• Ponad 2 promile miała młoda matka, która w takim stanie „opiekowała” się dwójką swoich dzieci. Kobieta zadzwoniła na pogotowie informując o tym, że jej 2-letni syn połknął leki. Dziecko zostało śmigłowcem przetransportowane do szpitala w Łodzi. O sprawie powiadomiono sąd rodzinny. Nieodpowiedzialna matka usłyszała zarzuty narażenia dzieci na niebezpieczeństwo utraty życia.

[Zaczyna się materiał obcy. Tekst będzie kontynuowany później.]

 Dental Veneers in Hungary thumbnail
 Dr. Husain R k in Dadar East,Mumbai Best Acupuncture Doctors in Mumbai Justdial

    Do zdarzenia doszło 14 sierpnia 2017 roku w jednym z domów na terenie gminy Buczek. Dyspozytor pogotowia powiadomił łaskich stróżów prawa o tym, że 2-letnie dziecko zażyło leki, a matka sprawująca nad nim opiekę była nietrzeźwa. Funkcjonariusze zastali w mieszkaniu 29-letnią matkę i drugie dziecko. 2-letni chłopiec był już transportowany przez Lotnicze Pogotowie Ratunkowe do jednego z łódzkich szpitali. Zachowanie kobiety wskazywało, że mogła być pod wpływem alkoholu, więc policjanci zbadali jej stan trzeźwości. Okazało się, że miała ponad 2 promile alkoholu w organizmie.  Drugie z dzieci zostało przekazane pod opiekę rodziny, zaś nietrzeźwa matka noc spędziła w policyjnej celi. Po wytrzeźwieniu usłyszała zarzut narażenia dzieci na niebezpieczeństwo utraty życia. 29-latka popełniła to przestępstwo w warunkach tak zwanej „recydywy” i grozić jej może kara nawet do 7,5 roku pozbawienia wolności.